Market orders are filled automatically at the best available rate, whereas limit orders offer more flexibility and will be filled when the market conditions reach those specified in the order.
Depending on the platform you use, the exchange will usually offer either crypto to crypto trading, fiat to crypto trading or both. As the names imply, an exchange offering crypto to crypto trading allows you to trade one cryptocurrency against another, e.g. BTC/ETH, whereas fiat to crypto trading allows you to trade fiat currencies against cryptocurrencies, e.g. BTC/USD.
These platforms can also be divided into two types: spot and derivatives exchanges. Spot exchanges are the most common type and allow traders to directly trade cryptocurrencies, whereas derivatives exchanges are more complex platforms where users trade derivatives like futures and options which track the value of an underlying cryptocurrency and are settled at a later date.
For the most part, those looking to trade Bitcoin for the first time will likely be best served by spot exchanges, whereas more advanced traders that need to trade on leverage or require increased order flexibility may prefer to trade on a derivatives exchange.
Getting started on an exchange usually requires a simple registration process which takes just minutes. After that, if you are using a crypto to crypto exchange, you may need to top up your balance using your external wallet, or add your debit/credit card to the exchange for fiat to crypto purchases.
Things to keep in mind
Exchanges charge fees
As businesses, digital currency exchanges make money by charging customers a small fee on each of their trades. For the most part, these fees are usually very low when buying Bitcoin with another cryptocurrency, but can be much higher when purchasing with a credit card, debit card or wire transfer.
The two most common types of fees you will encounter when buying digital currencies like Bitcoin are maker and taker fees. In short, taker fees are charged to trades that remove liquidity from the market, whereas maker fees are charged for orders that add liquidity to the market. Generally, the taker fee will be larger than the maker fee, though some platforms do charge a flat fee regardless of whether you are a maker or taker.
Depending on the liquidity of the exchange, you might also want to consider the spread. This is the difference between the lowest ask price and the highest ask price on a particular trade pair.
A high spread can indicate you get less digital currency for your money, an issue typically found at trading platforms with poor trading volume.
Besides charging a fee on each trade, some trading platforms also charge a withdrawal and/or deposit fee. Deposit fees are usually very small and only applied to deposits below a certain threshold, while withdrawal fees usually closely reflect the mining fee needed to ensure transactions are confirmed relatively quickly. You will only need to pay withdrawal fees if you with your funds to your external Bitcoin address.
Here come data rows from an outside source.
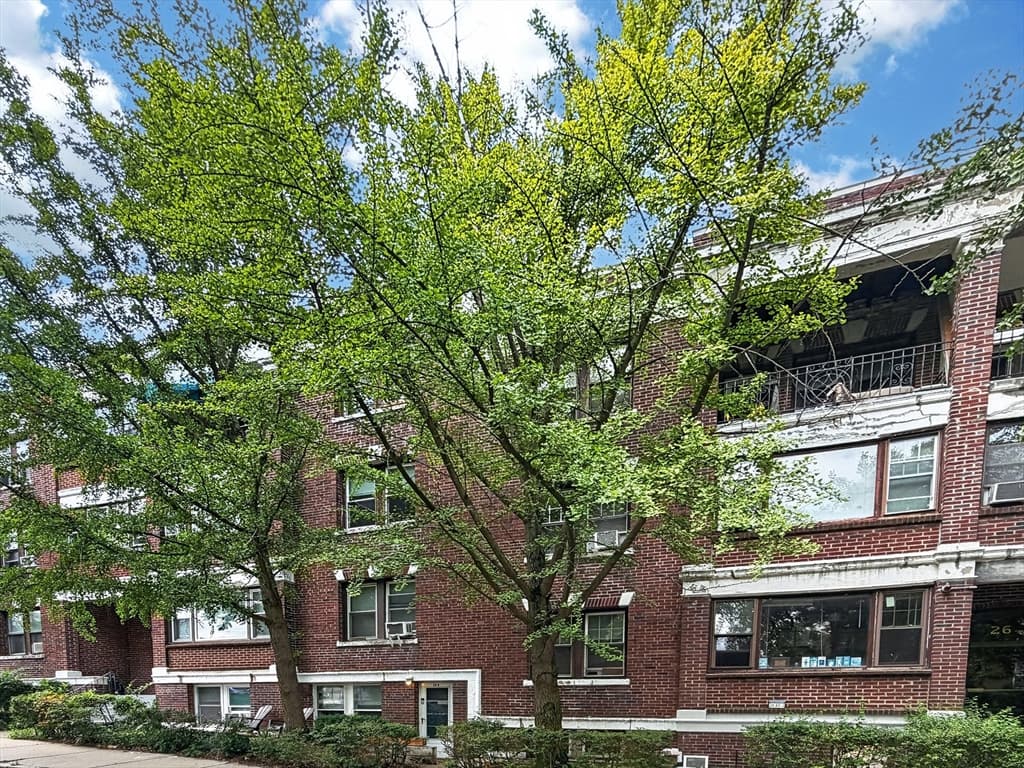 24 Chiswick Rd # A1, Boston MA 02135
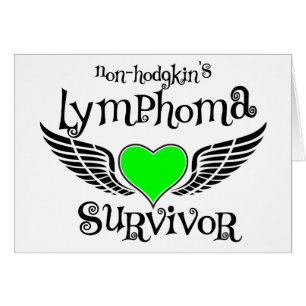 Survivant non Hodgkinien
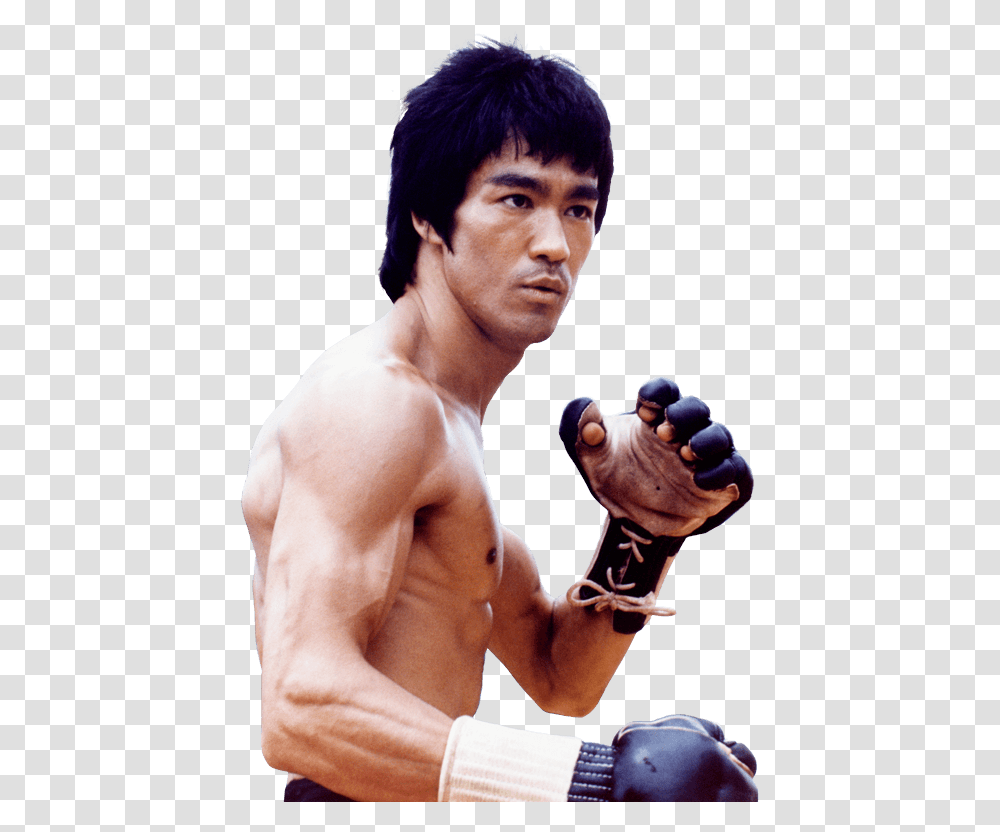 Ufc 2 Bruce Lee, Person, Human, Finger, Hand Transparent Png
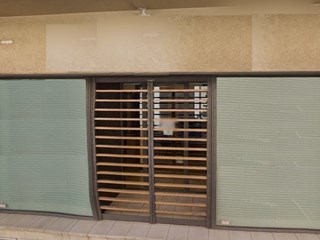 Immobile commerciale in Affitto a Vittoria, zona Via R. Settimo n. 70 , 330 m²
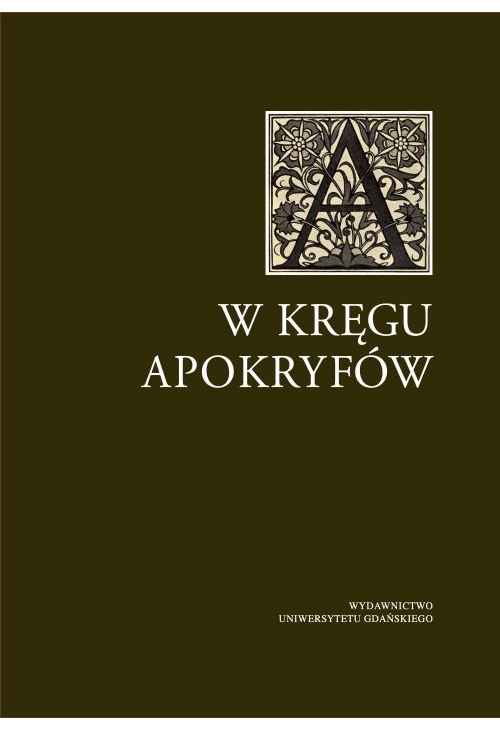 W kręgu apokryfów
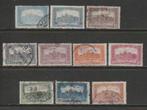 Hongarije  302/11   - g, Postzegels en Munten, Postzegels | Europa | Hongarije, Ophalen of Verzenden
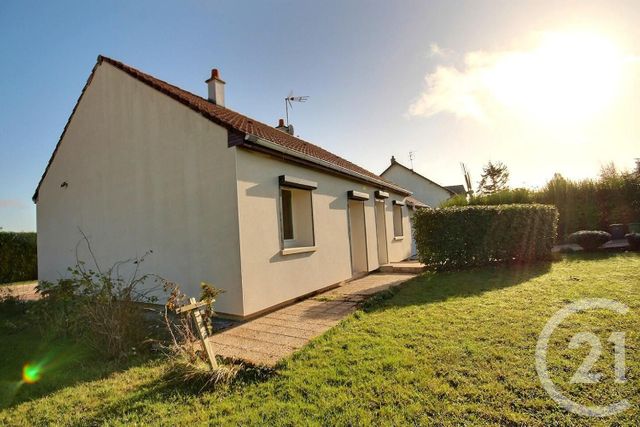 Maison à vendre BEAUGENCY
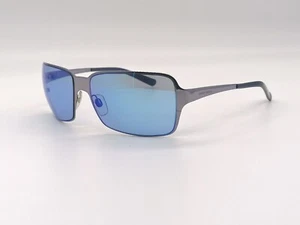 Authentic Giorgio Armani 1565 Square Sunglasses Unisex Stock Eyewear 2000s - Picture 1 of 9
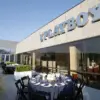 Playboy Enterprises Relocates Headquarters to Miami Beach, Citing California's Anti-Business Policies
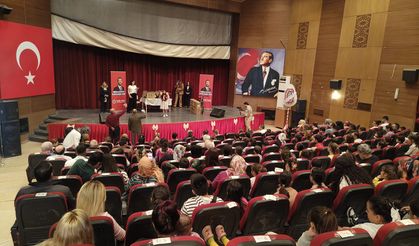 Cumhuriyet Şiirleri Yarışması’na Ceyhan’da Büyük İlgi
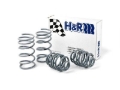 Picture of H&R 85-91 BMW 325e/325i/325is E30 OE Sport Spring (Non Cabrio or ix)
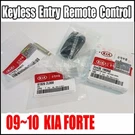 Kia 2009-2010 Forte Keyless Entry Remote Control Folding 95430-1M060. Fixed Price $71.00.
For example, if you are looking to buy two bitcoin at $10,000 each, and the exchange charges a 0.5% fee, then your fee can be calculated as ($10,000 * 2) * 0.5% = $100. This is charged on top of the $20,000 used to actually acquire the bitcoin, so your total expenditure would be $20,100.
Most cryptocurrency exchanges require identity verification
Identity verification, or more commonly known as KYC (know your customer) and AML (anti-money laundering) verification is a process many Bitcoin exchange platforms employ to comply with regulations and prevent the use of cryptocurrencies for illegal purposes.
KYC requirements are mostly seen at cryptocurrency exchanges that have a fiat on-ramp, allowing customers buy cryptocurrencies with fiat currencies. Some examples of these include Coinbase, Coinmama, Bitit, and Kraken.
With that said, many exchange platforms allow unverified users to buy or sell a small amount of cryptocurrency without passing KYC checks.
Although completing identity verification is generally considered to be a hassle, the process usually doesn’t take long and only needs to be done once.
For the most part, KYC checks will involve answering some basic identity questions, such as your name, current address and resident country, and you will also need to upload some proof of identification—typically a passport, national identity card or driver’s license. Some platforms also ask for a recent utility bill and a selfie as further proof of your identity.
Oftentimes, these documents are automatically processed, leading to near-instant verification, whereas some platforms still manually these documents before verifying your account.
Exchanges are not always safe
As the cryptocurrency trading industry has grown in recent years, many exchanges are now used to store huge amounts of cryptocurrencies. Unfortunately, this increased popularity has also led to unwanted attention from hackers, who seek to exploit loopholes in the way some of these platforms store user funds to commit theft.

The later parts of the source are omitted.